Tandon Rajiv, Fleischhacker W Wolfgang
Office of Mental Health, Department of Children and Families, State of Florida, 1317 Winewood Boulevard, Tallahassee, FL 32399-0700, USA.
Schizophr Res. 2005 Nov 15;79(2-3):145-55. doi: 10.1016/j.schres.2005.07.025. Epub 2005 Sep 2.

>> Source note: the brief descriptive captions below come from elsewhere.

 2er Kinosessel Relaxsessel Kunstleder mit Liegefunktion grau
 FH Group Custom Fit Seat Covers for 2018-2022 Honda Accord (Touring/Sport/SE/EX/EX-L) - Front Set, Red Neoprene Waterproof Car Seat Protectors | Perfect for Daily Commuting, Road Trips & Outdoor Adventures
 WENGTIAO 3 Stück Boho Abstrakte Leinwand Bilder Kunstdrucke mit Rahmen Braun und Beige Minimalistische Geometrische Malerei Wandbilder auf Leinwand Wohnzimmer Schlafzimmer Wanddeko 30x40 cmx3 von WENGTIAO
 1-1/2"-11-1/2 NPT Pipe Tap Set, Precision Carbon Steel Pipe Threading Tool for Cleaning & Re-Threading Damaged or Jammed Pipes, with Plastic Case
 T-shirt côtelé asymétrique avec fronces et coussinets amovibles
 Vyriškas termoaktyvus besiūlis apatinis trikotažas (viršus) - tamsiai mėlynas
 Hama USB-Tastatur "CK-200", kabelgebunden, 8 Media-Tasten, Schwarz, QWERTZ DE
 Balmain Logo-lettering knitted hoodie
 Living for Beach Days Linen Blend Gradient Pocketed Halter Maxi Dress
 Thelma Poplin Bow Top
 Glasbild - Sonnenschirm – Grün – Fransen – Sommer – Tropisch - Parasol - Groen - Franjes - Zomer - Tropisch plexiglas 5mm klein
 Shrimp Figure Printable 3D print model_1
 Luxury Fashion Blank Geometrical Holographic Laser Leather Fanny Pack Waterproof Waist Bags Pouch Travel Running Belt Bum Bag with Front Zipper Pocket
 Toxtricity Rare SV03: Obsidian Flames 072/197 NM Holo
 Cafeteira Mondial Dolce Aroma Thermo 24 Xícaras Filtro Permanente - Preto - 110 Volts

Because of their broader spectrum of efficacy and lower risk of short- and long-term motor side-effects in comparison to first generation 'typical' antipsychotics (FGAs), second generation 'atypical' antipsychotics (SGAs) are rapidly becoming the standard of antipsychotic pharmacotherapy. It is unclear, however, as to how different SGAs compare in efficacy since the multitude of studies and integrative reviews seemingly provide discrepant information in this regard. To address this issue, we critically review three distinct approaches to analysis of data from randomized controlled clinical trials of the efficacy of SGAs in the treatment of schizophrenia and schizoaffective disorder: (i) comparing average improvement in symptomatology with different SGAs; (ii) comparing average improvement observed with different SGAs relative to haloperidol; and (iii) head-head trials comparing one SGA to another. We discuss the strengths and limitations of each approach with reference to the reports in which it was applied to assess comparative antipsychotic efficacy. We conclude that the most informative picture is obtained by using each of these strategies, looking at all available data, and then putting all the results together. Data thus far do not support claims of differential efficacy among SGAs with the singular exception of clozapine possibly still being the gold standard of antipsychotic efficacy in otherwise treatment-refractory schizophrenia. Dosing appears to be a critical variable in optimizing efficacy.
与第一代“典型”抗精神病药物(FGAs)相比,第二代“非典型”抗精神病药物(SGAs)具有更广泛的疗效谱,且短期和长期运动副作用风险更低,因此正迅速成为抗精神病药物治疗的标准。然而,目前尚不清楚不同的SGAs在疗效上如何比较,因为众多研究和综合评价在这方面似乎提供了相互矛盾的信息。为了解决这个问题,我们批判性地回顾了三种不同的方法,用于分析SGAs治疗精神分裂症和分裂情感性障碍疗效的随机对照临床试验数据:(i)比较不同SGAs在症状学上的平均改善情况;(ii)比较不同SGAs相对于氟哌啶醇观察到的平均改善情况;(iii)将一种SGA与另一种SGA进行头对头试验。我们参照应用这些方法评估抗精神病药物疗效比较的报告,讨论了每种方法的优缺点。我们得出结论,通过使用这些策略中的每一种,查看所有可用数据,然后将所有结果汇总在一起,可以获得最具信息量的情况。迄今为止的数据不支持SGAs之间存在疗效差异的说法,但氯氮平可能仍是治疗难治性精神分裂症抗精神病疗效的金标准这一情况除外。剂量似乎是优化疗效的关键变量。